Siguieran en su acalorado diálogo, a no ser porque los maestres de campo cruzaron entre los dos sus lanzas y los obligaron a separarse. El desheredado fue a ocupar su puesto, y Bois-Guilbert se retiró a su tienda, en la cual permaneció el resto del día entregado a la más atroz desesperación.

Sin bajarse del caballo, el vencedor pidió un vaso de vino, y desatando el barboquejo o parte inferior del yelmo, dijo en voz alta:

—¡Yo brindo a la salud de los verdaderos ingleses, y a la confusión de la tiranía extranjera!

Enseguida mandó tocar una llamada de desafío, y encargó a un heraldo que manifestase a los mantenedores que su intención era justar con todos ellos sucesivamente, en el orden que quisieran presentarse.

Fiado "Frente de buey" en su fuerza y en su gigantesca estatura, pidió salir el primero a la palestra. Llevaba un fuerte escudo con una cabeza negra de buey sobre campo de plata, muy deteriorado por el prodigioso número de golpes que había recibido. Encima de ella se divisaba el arrogante mote, que en latín decía: Cave adsum; es decir, ¡Cuidado; heme aquí! El desheredado obtuvo sobre este caballero una ventaja ligera, pero decisiva: los dos quebraron lanzas con gallardía y acierto; mas Frente de buey fue declarado vencido, porque perdió un estribo en uno de los encuentros.

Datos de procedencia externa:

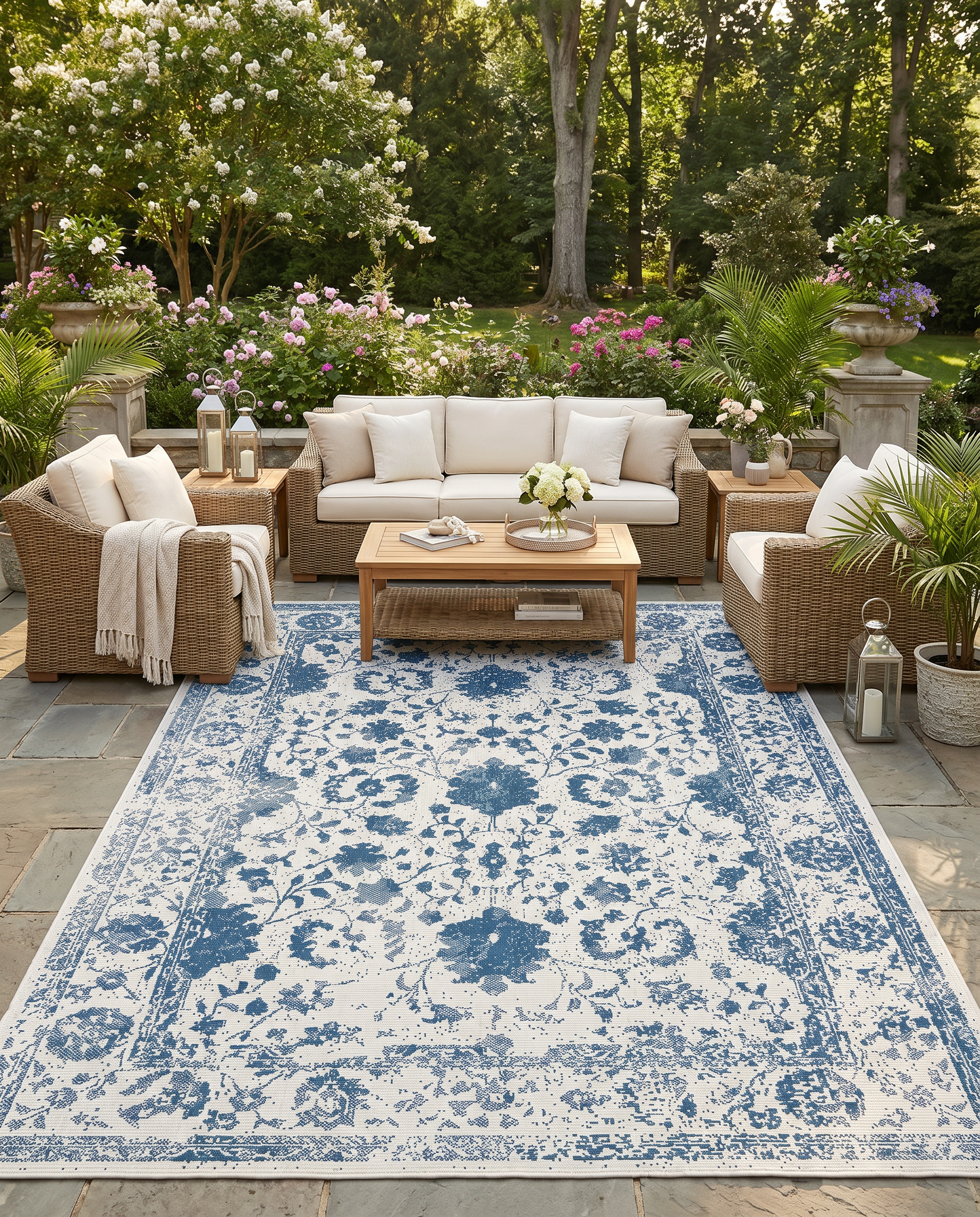 Buitenkleed - Brussels Vintage Blauw Creme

No fue más desgraciado el desconocido caballero en su combate con sir Felipe de Malvoisin, a quien hirió tan fuertemente en el yelmo que saltaron las hebillas, y si no llegó a medir la tierra, fue porque, libre del yelmo, pudo manejar con menos dificultad su caballo; pero quedó vencido.

Donde demostró el desheredado qué era tan cortés como valiente fue en el encuentro que tuvo con sir Hugo de Grand Mesnil. El caballo de éste era un fogoso potro, el cual arrancó su carrera con tan extraordinaria violencia, que le fue imposible al caballero hacer uso de su lanza, ni aun darle dirección. El desheredado, bien lejos de aprovechar tan desgraciada circunstancia para su contrario, alzó su lanza, pasándola por encima del yelmo de su adversario, y dando a entender con tan noble acción que no había querido herirle. Volvió a su puesto, desde el cual invitó al caballero de Grand-Mesnil por medio de un heraldo a un segundo encuentro; pero aquel caballero lo rehusó, diciendo que se confesaba tan vencido por destreza como por la cortesía de su adversario.

Raub de Vipont fue el último que se presentó en la palestra, y salió de la silla del mismo modo que el pastor arroja con mortal silbido la piedra de la honda. Comenzó a arrojar sangre por boca y narices, y sus escuderos lo condujeron a su tienda sin sentido.

Con entusiásticas aclamaciones recibió el público la noticia de que el Príncipe y los mariscales del torneo habían declarado unánimemente que el caballero desheredado era el único que merecía el honor de aquel día, por lo cual fue nombrado vencedor.